The Atlanta conductor assembles the trap Avengers and Suicide Squad for his subdued sophomore album, lurking sheepishly in the shadows of Metro’s Gotham City.
Trap’s favourite producer sticks to the mission through thick and thin. It’s not been an easy year for the 29-year-old, enduring the tragic loss of his mother which escalated online concerns for his mental health. But business resumes as usual, cooking up the sequel to his 2018 debut solo album, Not All Heroes Wear Capes, a cinematic trap orchestration, and succeeding 2020’s Savage Mode II with 21 Savage.
Heroes & Villains takes Metro Boomin’s flair to the bare bones, a minimal, subdued soundtrack to the producer’s comic book vision.

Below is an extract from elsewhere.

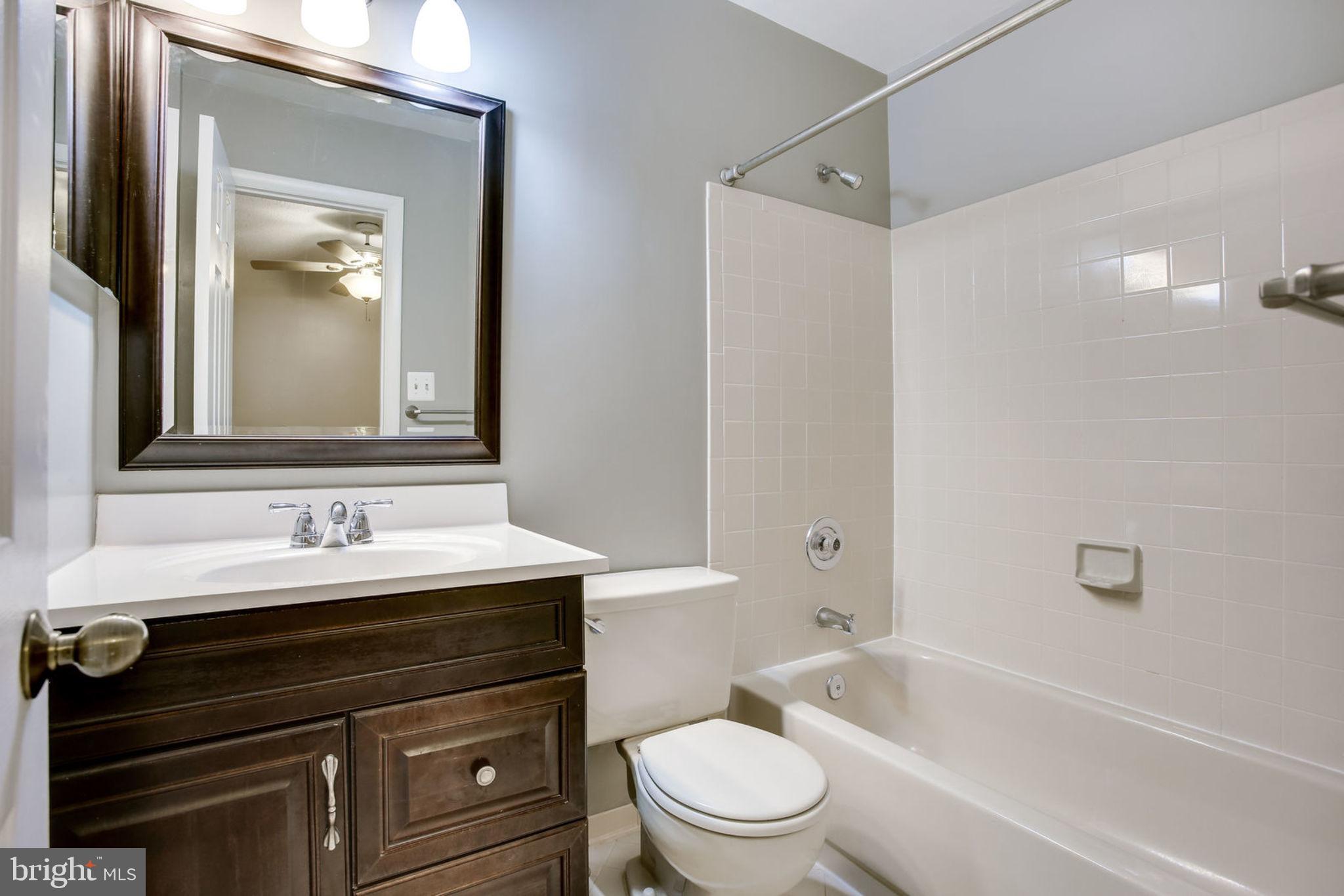 RESTON - Residential Lease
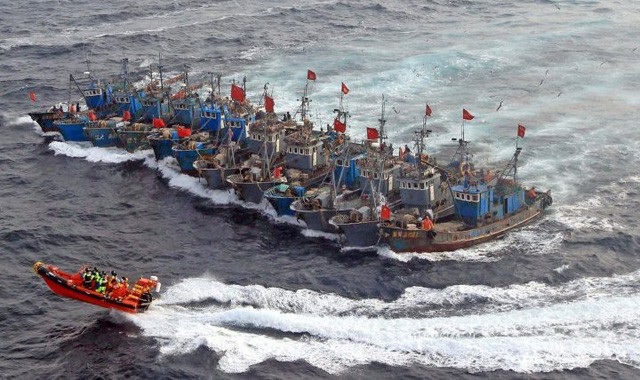 Lực lượng cảnh sát biển Hàn Quốc từng nhiều lần điều tàu ra chặn các tàu cá Trung Quốc đánh bắt trái phép (Ảnh: AFP)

The hero concept continues from his 2018 effort. This time round, the concept is fleshed out to create a contrast between the heroes and the villains. Each guest artist represents one of the two camps, a detail that has intention rather than a label. It calls for bone-chilling cuts like “Superhero” with Future, arguably the star of the album through his fierce cadences, signature horrorcore on “Walk Em Down” with 21 Savage, and the intense “Metro Spider” with Young Thug. The answer to Heroes & Villains’ quality is simple: Metro Boomin is too seasoned to deliver an average album. His dark production style always allows plenty pockets for the vocalists to shine, constructing an Atlantan Gotham City that cannot be found in any other trap producer’s work.
Heroes & Villains is consistently enjoyable, though searches for maximum impact. The production is the most skeletal we’ve ever heard Metro, excessively subdued in songs like “Trance” and “Lock on Me”. There’s no sensational beat that holds a candle to production like Without Warning’s “Rap Saved Me” or the layers of “Don’t Come Out the House”. The closest moments are the first twenty seconds of “Umbrella” and closer “Feel the Fiyaaaah”, the former of which should have returned at some point in the song. With such addictive beats in his catalogue, Heroes & Villains feels like Metro not putting his best foot forward. As a result, the majority of Heroes & Villains is enjoyable songs that struggle to individualise their highlights.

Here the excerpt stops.